Host resources available to a container are managed by control groups. This isolation will not allow a container to bring down a host by exhausting its resources. You should not allow containers with non-limited resources in production. This must be mandatory in multi-tenant environments.

Orchestration

This book contains a general chapter about orchestration, Chapter 7, Introduction to Orchestration, and two specific chapters devoted to Swarm and Kubernetes, respectively, Chapter 8, Orchestration Using Docker Swarm, and Chapter 9, Orchestration Using Kubernetes. Orchestration is the mechanism that will manage container interactions, publishing, and health in clustered pools of hosts. It will allow us to deploy an application based on many components or containers and keep it healthy during its entire life cycle. With orchestration, component updates are easy because it will take care of the required changes in the platform to accomplish a new, appropriate state.

Deploying an application using orchestration will require a number of instances for our process or processes, the expected state, and instructions for managing its life during execution. Orchestration will provide new objects, communication between containers running on different hosts, features for running containers on specific nodes within the cluster, and the mechanisms to keep the required number of process replicas alive with the desired release version.

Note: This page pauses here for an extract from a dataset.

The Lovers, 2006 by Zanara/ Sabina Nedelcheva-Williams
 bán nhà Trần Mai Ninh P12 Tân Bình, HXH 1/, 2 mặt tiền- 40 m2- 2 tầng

Swarm is included inside Docker binaries and comes as standard. It is easy to deploy and manage. Its unit of deployment is known as a service. In a Swarm environment, we don't deploy containers because containers are not managed by orchestration. Instead, we deploy services and those services will be represented by tasks, which will run containers to maintain its state.

Currently, Kubernetes is the most widely used form of orchestration. It requires extra deployment effort using a Docker community container runtime. It adds many features, multi-container objects known as pods that share a networking layer, and flat networking for all orchestrated pods, among other things. Kubernetes is community-driven and evolves very fast. One of the features that makes this platform so popular is the availability to create your own kind of resources, allowing us to develop new extensions when they are not available.

We will analyze the features of pods and Kubernetes in detail in Chapter 9, Orchestration Using Kubernetes.

Docker Enterprise provides orchestrators deployed under Universal Control Plane with high availability on all components.

Registry

We have already learned that containers execute processes within an isolated environment, created from a template image. So, the only requirements for deploying that container on a new node will be the container runtime and the template used to create that container. This template can be shared between nodes using simple Docker command options. But this procedure can become more difficult as the number of nodes grows. To improve image distribution, we will use image registries, which are storage points for these kinds of objects. Each image will be stored in its own repository. This concept is similar to code repositories, allowing us to use tags to describe these images, aligning code releases with image versioning.

An application deployment pipeline has different environments, and having a common point of truth between them will help us to manage these objects through the different workflow stages.

Docker provides two different approaches for registry: the community version and Docker Trusted Registry. The community version does not provide any security at all, nor role-based access to image repositories. On the other hand, Docker Trusted Registry comes with the Docker Enterprise solution and is an enterprise-grade registry, with included security, image vulnerability scanning, integrated workflows, and role-based access. We will learn about Docker Enterprise's registry in Chapter 13, Implementing an Enterprise-Grade Registry with DTR.